Beavis and Butt-Head Do America is a 1996 American adult animated comedy road film based on the MTV animated television series Beavis and Butt-Head. The film was co-written and directed by series creator Mike Judge, who reprises his roles from the series; Demi Moore, Bruce Willis, Robert Stack, and Cloris Leachman star in supporting roles. The film follows Beavis and Butt-Head, two teen delinquents who travel the US and unknowingly become fugitives.

Previous offers by MTV to adapt Beavis and Butt-Head to film were rejected by Judge, before he eventually agreed to the film in 1994. As production began, the series' staff halted production while Judge wrote the screenplay with Joe Stillman. John Frizzell composed the film's score.

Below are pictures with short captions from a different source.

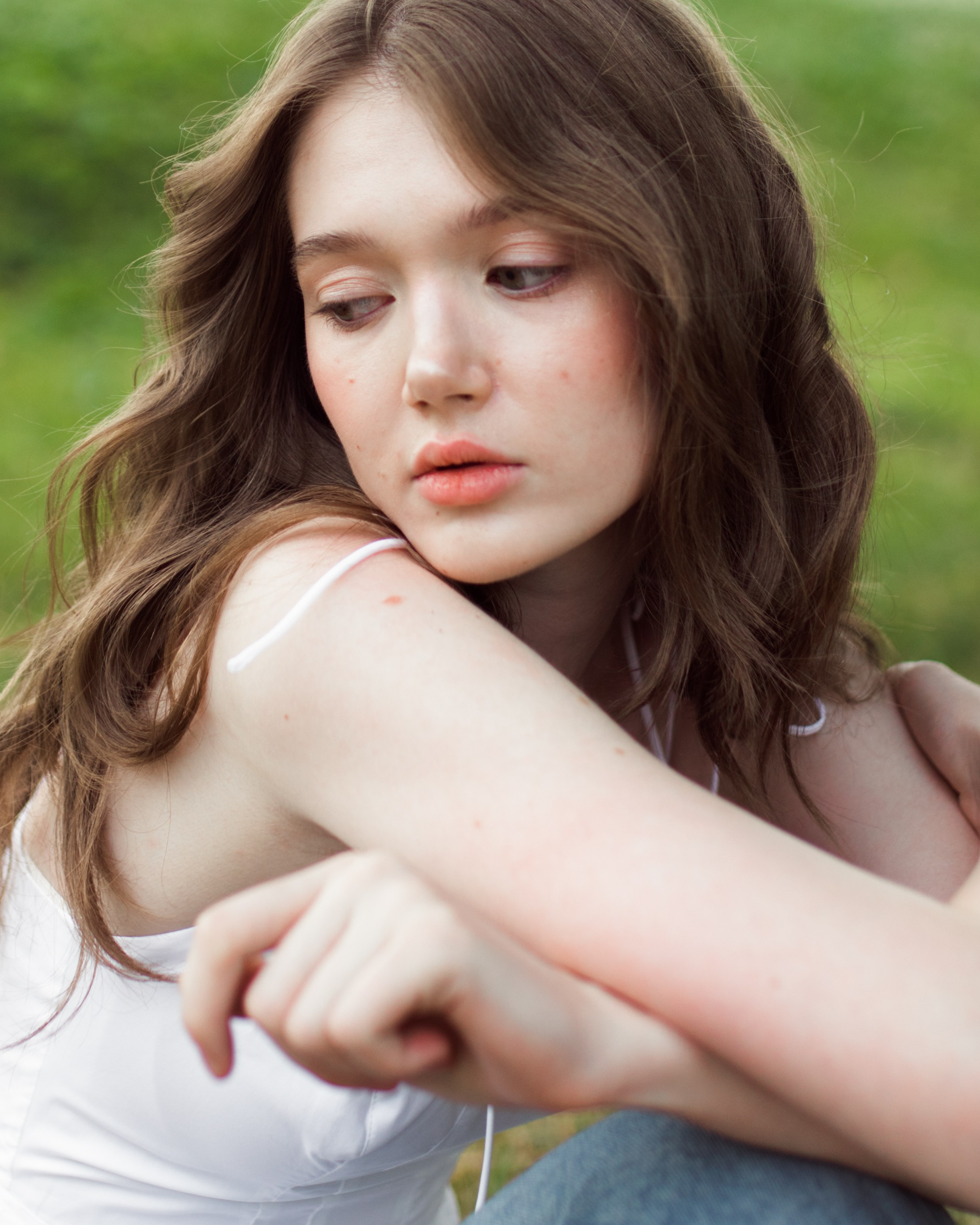 СОФА. Елизавета Федотова | фэшн-фотограф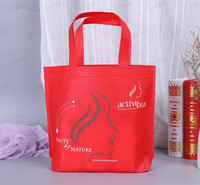 无纺布袋子定做手提袋定制印logo现货礼品<em>服装</em>店批发环保购物空白袋 培训教育辅导班礼品广告环保袋印刷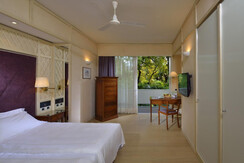 Du Lac et Du Parc Grand Resort - Double Parc 04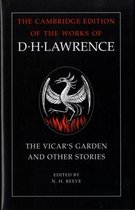 The Vicar's Garden and Other Stories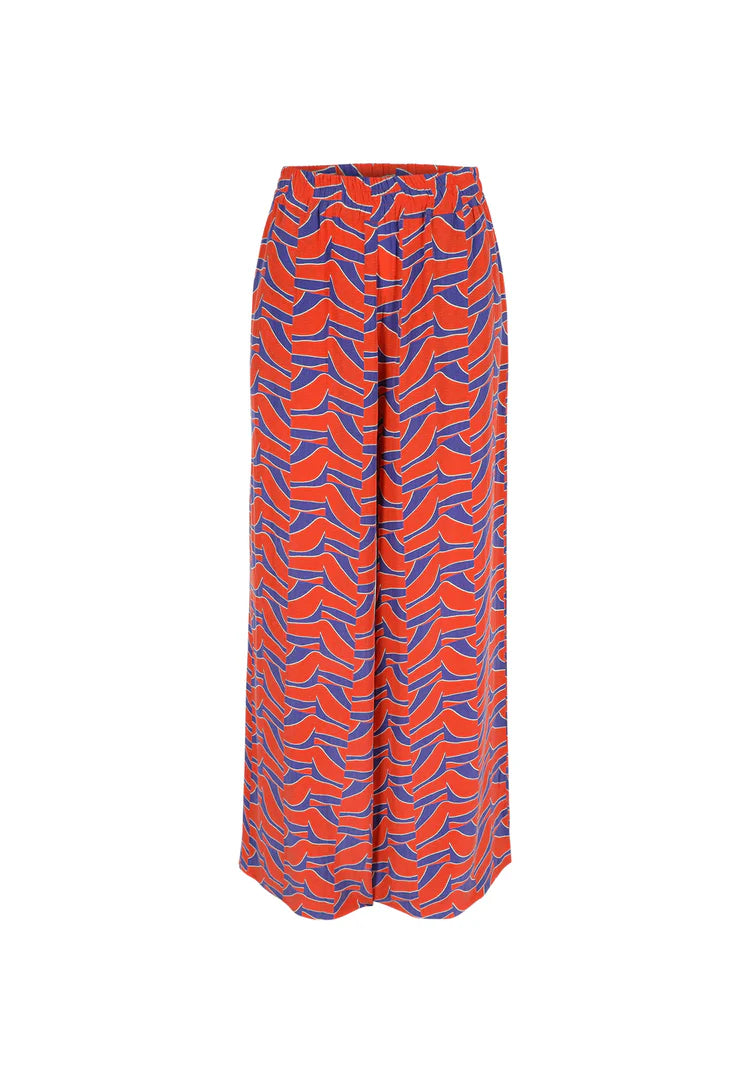 Broek Rae Antwerp Paloma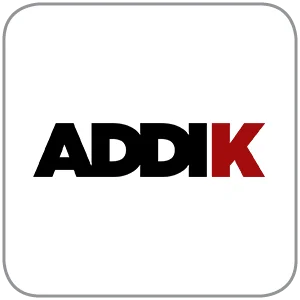 Explore ADDIK with our Cable TV and Unlimited Internet for engaging entertainment.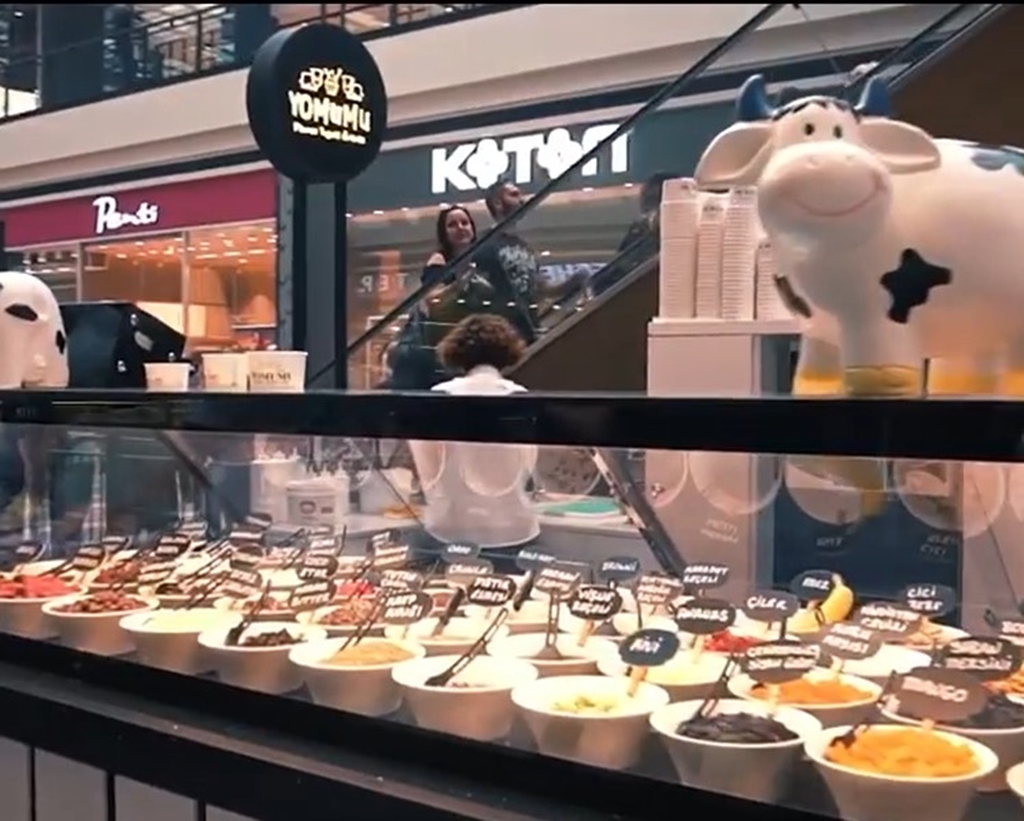 Yomumu Fotoğrafları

Beavis and Butt-Head Do America premiered at Mann's Chinese Theater on December 15, 1996, and was released in the United States on December 20, 1996 by Paramount Pictures. The film later aired on MTV in 1999. It also aired on VH1 in 2003. The film was a critical and commercial success, grossing $63.1 million in the United States and becoming the largest December box office opening of all time until it was surpassed the following year by Scream 2. A sequel, Beavis and Butt-Head Do the Universe, was released in 2022.

Plot 

Beavis and Butt-Head discover that their television is missing, and set out to find it. After several failed attempts to get a television, they come across a motel which offers one in every room. They meet Muddy Grimes, who mistakes them for hired hitmen and offers them $10,000 to "do" his wife Dallas in Las Vegas. Thinking he  wants them to have sex with her, Butt-Head convinces Beavis that they can "score" and buy a new television.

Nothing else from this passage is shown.